Below is a plot of the brain activation for one the subjects at a specific time and trail (subject 04847, trail 5, at time 5) it is a display of all slices taken from the fmri machine. The condition value indicates one of the four states for a segment. Zero being that the data should be ignored. One indicating a rest interval is occurring. Two indicates the sentence picture combination does match and three indicates that a non-matching pair of sentence and picture has been displayed to the subject.

Below is a graph of the voxel activity across time for a specific voxel (at location 36,62,8). The red line indicates the condition for that segment as described in the previous paragraph. By transforming the data to include on trails 3 and 4, below is the plot for trails 3 and 4 of the voxel (36,62,8). The graph displays the third trail as indicated by the condition 2 (x= 0 to 54) a sentence-picture combination that match followed by the fourth trail where the picture-sentence combination do not match (condition = 3, x= 55-108).

There were various ways to manipulate the data, such as only keeping the n-most active voxels for the data set. Below you can see two plots, the first one being the snapshot containing the 2200 most active voxels and to the right of that is snapshot containing the 400 most active voxels. A Naive Bayes classifier was provided with the code. After applying the Naive Bayes classifier, the returned array Predictions is where predictions(k,j) = log P(example_k class_j). The average data set per subject contained about 5000 voxels. The data set dimension was reduced to the 2200 and the 400 most active voxels. In the future I would like to perform the PCA on multiple subjects and test the classifier results across all of them. The main issue with setting that up is the variation in the dimensions of the subjects brain and the fmri images that result[3].

REFERENCES [1] "Learning to Decode Cognitive States from Brain Images,"T.M. Mitchell, R. Hutchinson, R.S. Niculescu, F.Pereira, X. Wang, M. Just, and S. Newman, Machine Learning, Vol. 57, Issue 1-2, pp. 145-175. October 2004. [2] "Training fmri Classifiers to Detect Cognitive States across Multiple Human Subjects," X. Wang, R. Hutchinson, and T. M. Mitchell, Neural Information Processing Systems 2003. December 2003. [3] Archibald, Christopher, Evan Millar, Classifying FMRI Images Using Sparse Coding: A Project for CS229 (n.d.): n. pag.
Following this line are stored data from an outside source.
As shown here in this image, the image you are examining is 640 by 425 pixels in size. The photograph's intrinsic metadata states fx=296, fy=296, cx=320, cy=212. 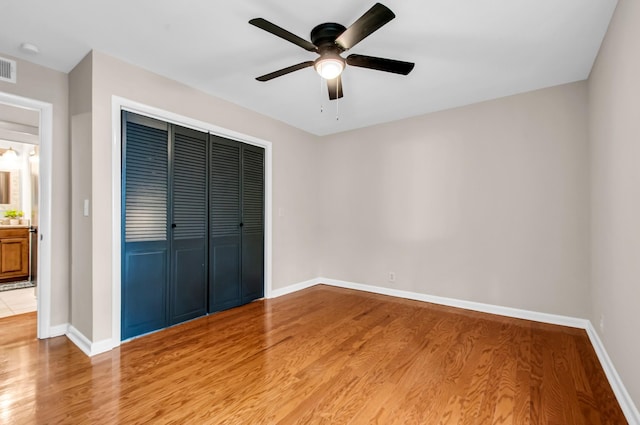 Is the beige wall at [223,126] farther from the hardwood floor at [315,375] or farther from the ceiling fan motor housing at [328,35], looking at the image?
the ceiling fan motor housing at [328,35]

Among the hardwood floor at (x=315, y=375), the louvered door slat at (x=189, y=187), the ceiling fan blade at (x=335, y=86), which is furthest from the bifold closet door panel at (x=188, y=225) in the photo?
the ceiling fan blade at (x=335, y=86)

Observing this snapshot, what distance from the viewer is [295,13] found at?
202 centimetres

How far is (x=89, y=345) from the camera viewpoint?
245 cm

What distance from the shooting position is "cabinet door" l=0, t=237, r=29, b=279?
4668 mm

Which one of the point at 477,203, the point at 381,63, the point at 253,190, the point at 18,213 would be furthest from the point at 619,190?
the point at 18,213

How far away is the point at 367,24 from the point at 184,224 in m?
2.52

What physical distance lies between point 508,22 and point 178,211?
3264 mm

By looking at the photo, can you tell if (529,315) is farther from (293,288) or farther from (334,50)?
(334,50)

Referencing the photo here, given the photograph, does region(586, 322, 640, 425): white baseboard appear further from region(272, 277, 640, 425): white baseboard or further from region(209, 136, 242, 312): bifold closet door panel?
region(209, 136, 242, 312): bifold closet door panel

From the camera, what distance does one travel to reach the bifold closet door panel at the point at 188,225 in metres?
3.04

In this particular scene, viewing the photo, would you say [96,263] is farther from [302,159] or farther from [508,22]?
[508,22]

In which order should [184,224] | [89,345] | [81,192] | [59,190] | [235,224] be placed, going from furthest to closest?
[235,224]
[184,224]
[59,190]
[81,192]
[89,345]

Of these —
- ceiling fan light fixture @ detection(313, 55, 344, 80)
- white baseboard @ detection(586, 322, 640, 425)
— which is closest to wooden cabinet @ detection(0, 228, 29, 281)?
ceiling fan light fixture @ detection(313, 55, 344, 80)

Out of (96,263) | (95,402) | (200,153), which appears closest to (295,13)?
(200,153) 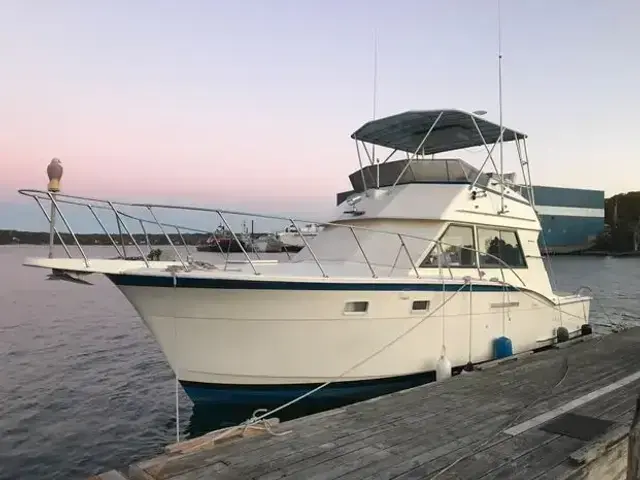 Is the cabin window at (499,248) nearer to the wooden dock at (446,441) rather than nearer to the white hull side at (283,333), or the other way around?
the white hull side at (283,333)

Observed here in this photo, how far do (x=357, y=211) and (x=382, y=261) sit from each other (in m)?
1.35

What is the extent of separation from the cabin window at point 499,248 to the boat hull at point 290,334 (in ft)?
4.59

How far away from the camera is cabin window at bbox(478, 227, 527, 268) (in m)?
9.71

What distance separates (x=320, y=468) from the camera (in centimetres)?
454

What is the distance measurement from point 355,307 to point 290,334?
1040mm

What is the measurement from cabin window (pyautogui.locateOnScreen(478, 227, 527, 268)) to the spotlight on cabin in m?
6.80

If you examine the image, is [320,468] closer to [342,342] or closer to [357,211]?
[342,342]

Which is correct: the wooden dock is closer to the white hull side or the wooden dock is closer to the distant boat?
the white hull side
Web [4] Foley, James D.; Andries van Dam; John F. Hughes; Steven K. Feiner (1990). "Spatial-partitioning representations; Surface detail". Computer Graphics: Principles and Practice. The Systems Programming Series. Addison-Wesley. ISBN 0-201-12110-7. These cells are often called voxels (volume elements), in analogy to pixels. [5] "Learning to Identify Overlapping and Hidden Cognitive Processes from fmri Data,"R. Hutchinson, T.M. Mitchell, I. Rustandi, submitted to HBM 2005.